Prompt |
Among the entries below, which lines run from the line with "Klassische Convexe Herren" through the line with "3 bed, 1.5 bath, 1288 sqft, $3,800 — Photo 1"? Retype those, both ends included, exactly and without pictures.

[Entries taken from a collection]
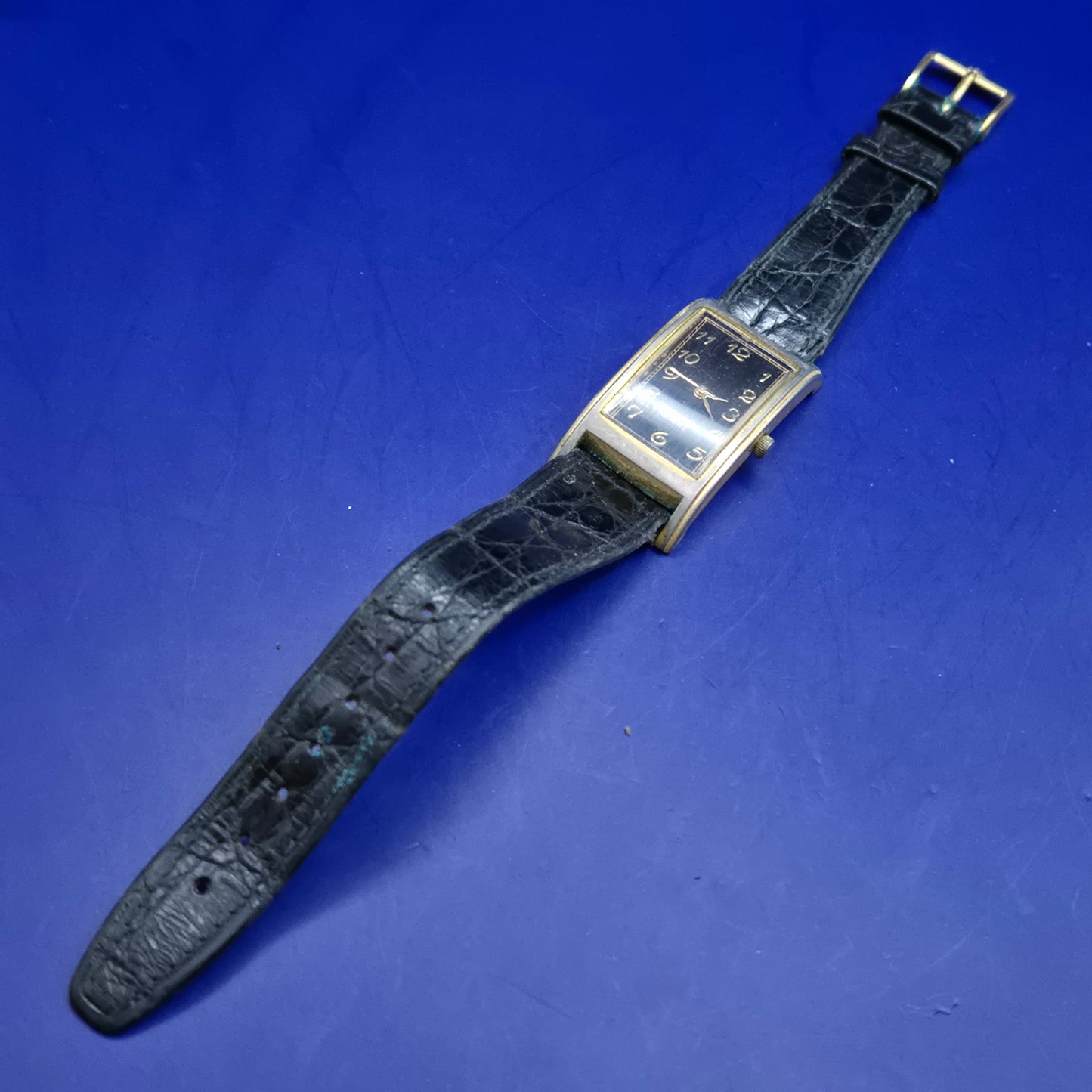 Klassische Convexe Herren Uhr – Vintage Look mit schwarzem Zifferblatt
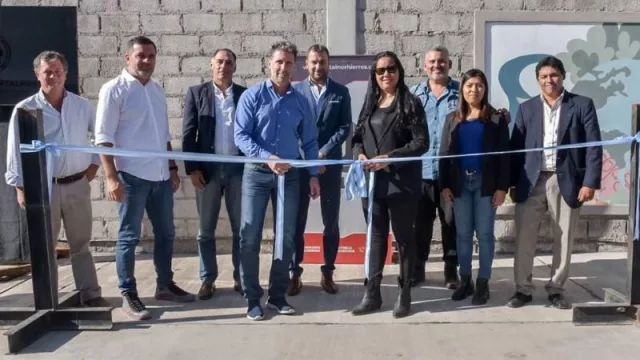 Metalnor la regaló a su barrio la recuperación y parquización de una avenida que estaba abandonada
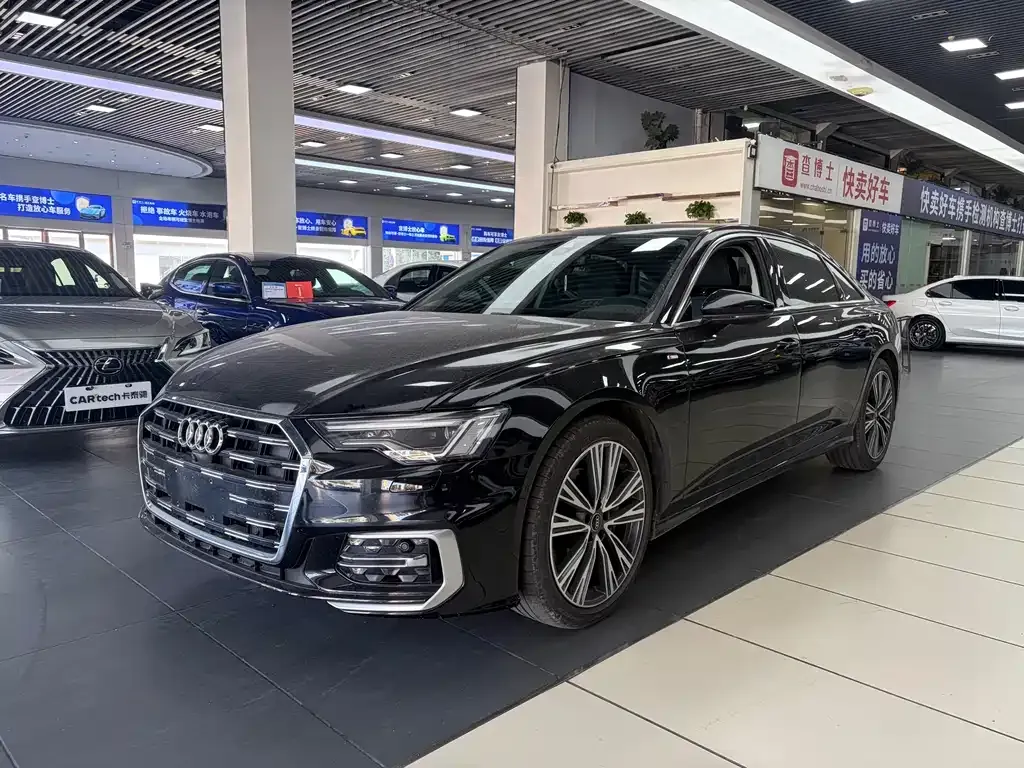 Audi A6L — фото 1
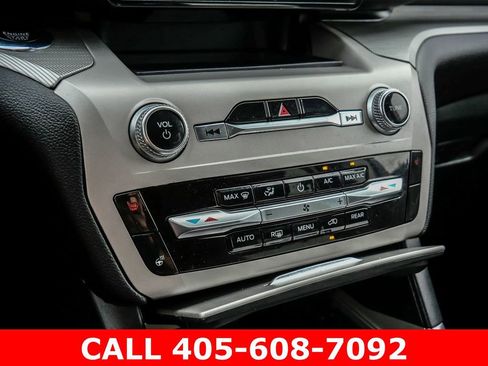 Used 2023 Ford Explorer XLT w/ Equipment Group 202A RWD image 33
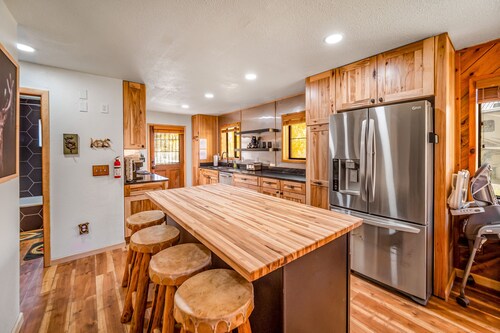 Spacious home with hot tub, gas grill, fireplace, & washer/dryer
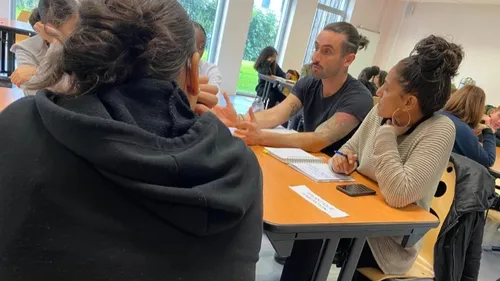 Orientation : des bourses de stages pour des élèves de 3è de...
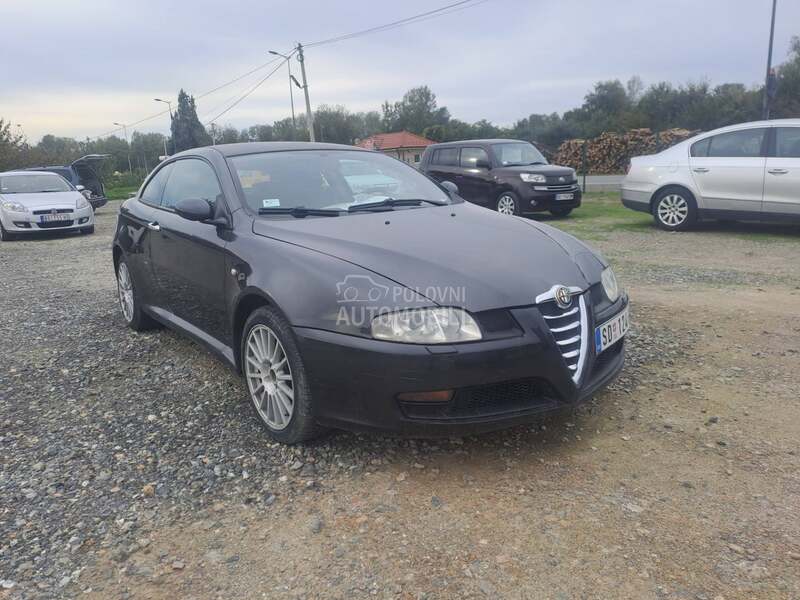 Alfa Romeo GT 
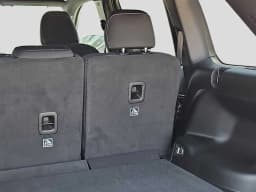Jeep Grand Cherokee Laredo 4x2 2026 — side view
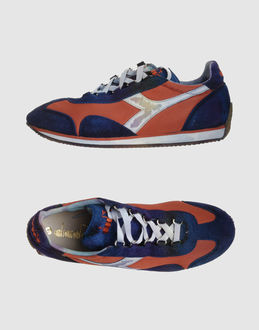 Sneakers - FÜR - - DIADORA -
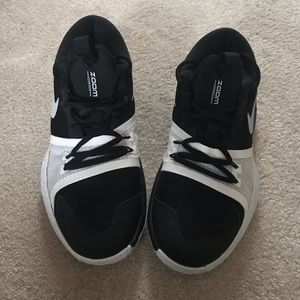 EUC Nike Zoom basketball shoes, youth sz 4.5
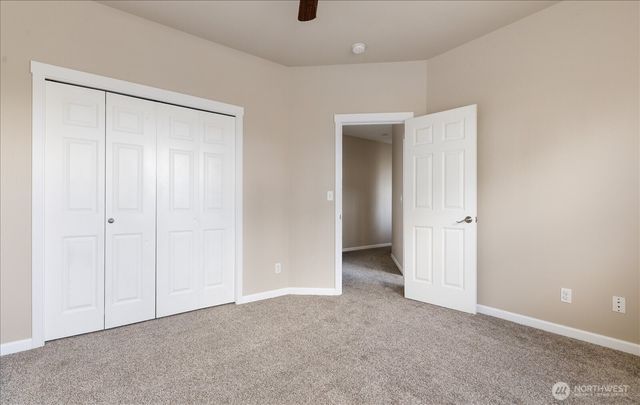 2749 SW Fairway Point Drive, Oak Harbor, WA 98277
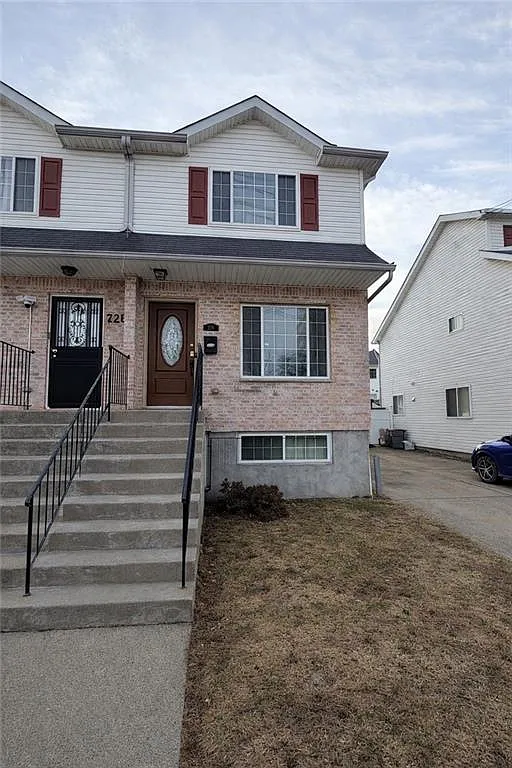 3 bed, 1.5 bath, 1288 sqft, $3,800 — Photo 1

---

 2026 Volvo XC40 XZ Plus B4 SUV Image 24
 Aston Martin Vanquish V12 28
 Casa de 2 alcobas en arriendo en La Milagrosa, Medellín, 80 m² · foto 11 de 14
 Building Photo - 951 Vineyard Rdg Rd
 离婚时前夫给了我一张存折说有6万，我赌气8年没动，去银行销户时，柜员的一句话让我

Solution to the exercise |
 Klassische Convexe Herren Uhr – Vintage Look mit schwarzem Zifferblatt
 Metalnor la regaló a su barrio la recuperación y parquización de una avenida que estaba abandonada
 Audi A6L — фото 1
 Used 2023 Ford Explorer XLT w/ Equipment Group 202A RWD image 33
 Spacious home with hot tub, gas grill, fireplace, & washer/dryer
 Orientation : des bourses de stages pour des élèves de 3è de...
 Alfa Romeo GT 
Jeep Grand Cherokee Laredo 4x2 2026 — side view
 Sneakers - FÜR - - DIADORA -
 EUC Nike Zoom basketball shoes, youth sz 4.5
 2749 SW Fairway Point Drive, Oak Harbor, WA 98277
 3 bed, 1.5 bath, 1288 sqft, $3,800 — Photo 1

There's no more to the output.